Slimming chain in shape for market debut
Perfect Shape, a Hong Kong-based slimming chain incorporated in the Cayman Islands, makes its trading debut. The company operates beauty centres for women in Hong Kong, Macau and on the mainland. Its draft prospectus says that since 2009 clients have lodged 101 complaints with the Hong Kong Consumer Council and 15 with its Macau counterpart.
Labour forum puts candidates on the spot
The three leading candidates to be Hong Kong's next chief executive attend a forum hosted by the Confederation of Trade Unions and the Hong Kong Catholic Commission for Labour Affairs. The trio are expected to outline their views on labour policies, but one of them, former Executive Council convenor Leung Chun-ying, can expect to be quizzed by the media about his alleged failure to declare a conflict of interest in a tender for a West Kowloon reclamation design competition - for which he was a jury member - in 2002.

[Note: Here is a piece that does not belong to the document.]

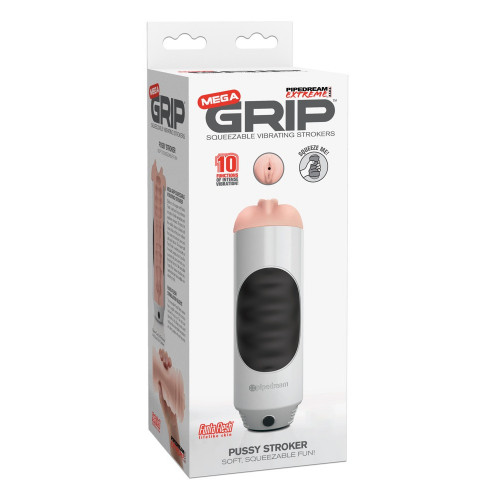 Pipedream PET Mega Grip Vibrating Stroke -...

Big pay day awaits Barclays banker
Barclays is expected to announce it made GBP6 billion (HK$73.8 billion) in full-year profits in 2011, along with a GBP1.5 billion bonus pool, which could lead to a GBP2.5 million bonus for chief executive Bob Diamond (left). This would take his total package to about GBP11 million, according to estimates in the British media. Bankers' pay has become a sensitive issue in Britain, with Royal Bank of Scotland chief executive Stephen Hester last week deciding to waive his GBP1 million bonus after public outrage.